Cela signifie que, d'une manière ou d'une autre, une fois les directives révisées en matière de lutte contre le blanchiment d'argent mises en place en 2019, ces entreprises devront complètement réformer leur mode de fonctionnement, conformément à la réglementation de l'UE.
Une étude analytique menée par PAID Strategies a révélé que plus de la moitié des plateformes d'échange de cryptomonnaies basées aux États-Unis et dans l'Union européenne ne respectaient pas la réglementation.
Motifs de non-conformité
Avec un échantillon de 25 % des utilisateurs, PAID Strategies a démontré que de nombreuses plateformes d'échange de cryptomonnaies ne vérifient pas l'identité de leurs utilisateurs. La majorité des échanges de cryptomonnaies ont lieu sans demander Toute preuve d'identité substantielle ou document officiel permettant de vérifier l'utilisateur avant d'autoriser l'échange est requise. La pratique courante consiste à demander à l'utilisateur son numéro de téléphone portable ou son adresse électronique.
Ces informations sont presque totalement insuffisantes pour effectuer des vérifications d'identité ou des évaluations des risques. De plus, elles peuvent facilement être obtenues auprès de diverses autres sources. Il est fréquent que les individus mettent à jour leurs coordonnées, notamment leur adresse électronique, sur leurs profils de réseaux sociaux. Ces données, particulièrement vulnérables à l'usurpation d'identité, nécessitent impérativement un affinement et une surveillance rigoureux.

Conformité AML pour les cryptomonnaies
Après mai 2018, le RGPD est entré en vigueur, obligeant les entreprises, les ICO et les plateformes d'échange de cryptomonnaies établies dans l'UE à mettre à jour leurs politiques de protection et d'accès aux données. Parallèlement, en juin 2018, l'UE a adopté une quatrième directive anti-blanchiment (AML) visant principalement à lutter contre la criminalité liée aux cryptomonnaies et à freiner le financement du terrorisme. Cette directive détaille les obligations des organisations en matière de mise à jour et de maintien de leurs procédures de contrôle AML. Tout manquement à ces obligations est passible de sanctions, voire de mesures strictes, afin de garantir la sécurité du marché virtuel.
Un cinquième Directive AML Une autre mesure devrait également être présentée en juin 2019, qui devrait renforcer les systèmes de sécurité en appliquant des lois plus strictes.

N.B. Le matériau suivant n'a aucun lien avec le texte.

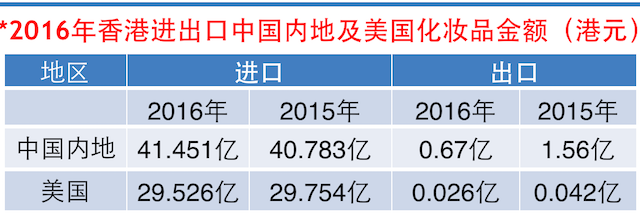 1486463592640117.png 香港进出口金额.png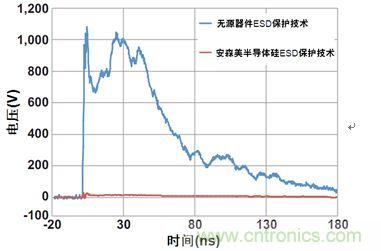 圖1：安森美半導體矽器件與無源競爭器件以50 &Omega;係統在8 kV測得的ESD鉗位性能比較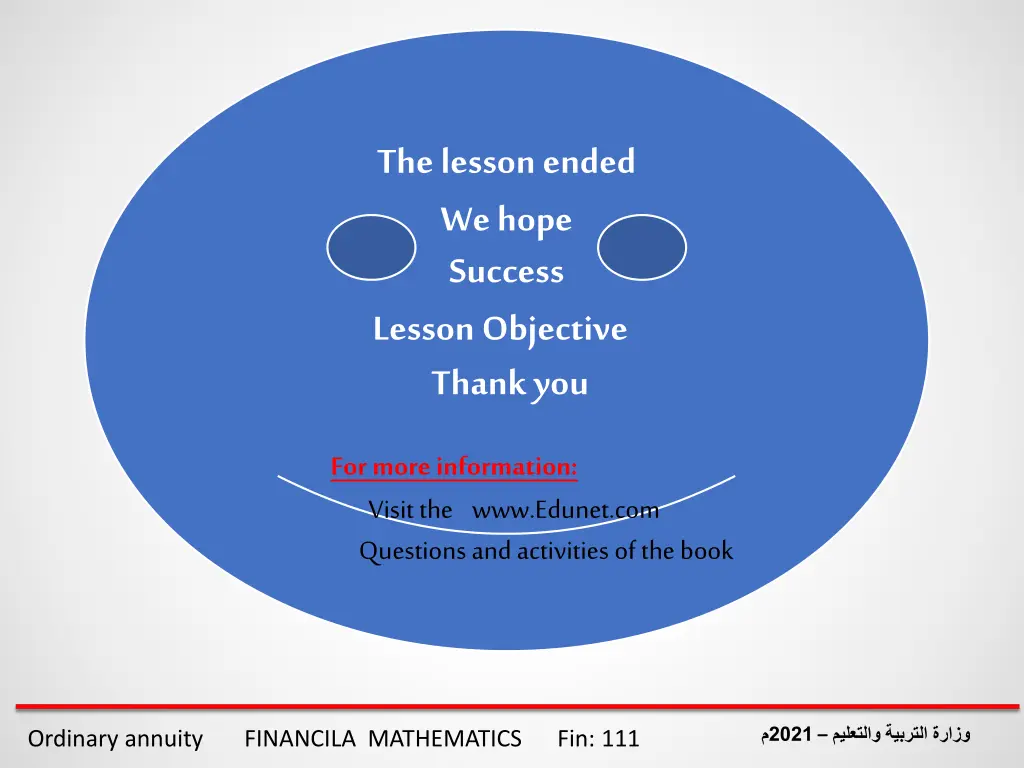 the lesson ended we hope success lesson objective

Impacts de la procédure KYC sur les cryptomonnaies
Soyez assurés que le monde des cryptomonnaies serait bien meilleur avec des transactions sécurisées. Le respect des réglementations KYC et AML permettrait de limiter le nombre de fraudes et d'éviter des pertes considérables. Crime cryptographique Les risques peuvent être réduits si l'identité des investisseurs en ICO et des utilisateurs des plateformes d'échange de cryptomonnaies est vérifiée de manière rigoureuse et exhaustive. Leurs informations complètes doivent être recueillies et comparées à leurs pièces d'identité officielles. L'authenticité de ces documents doit également être contrôlée. Cela permettra de lutter contre la falsification et l'usurpation d'identité, et par conséquent de réduire les cas de blanchiment d'argent, de terrorisme et de fraude à la carte bancaire.
Pour que les utilisateurs fassent confiance aux plateformes d'échange de cryptomonnaies, il est indispensable de garantir la sécurité de leurs transactions, de s'assurer que leurs fonds ne servent pas des activités illicites et que, en cas d'usurpation d'identité, leurs fonds ne soient pas utilisés ou acceptés frauduleusement par ces plateformes. Or, à ce jour, les plateformes d'échange de cryptomonnaies ne respectent pas les réglementations KYC et AML, ce qui entraîne une augmentation des fraudes et, par conséquent, des pertes plus importantes.
Pour les entreprises de l'UE, le moyen le plus simple de sécuriser leurs actifs et leurs finances est d'utiliser des logiciels de gestion d'identité facilement intégrables à leurs systèmes.
Shufti résout ces problèmes pour vous en fournissant un service global pour l'IDV et Dépistage de la LAMNotre API RESTful et nos SDK facilement intégrables en font une solution complète et simple d'utilisation pour vos besoins.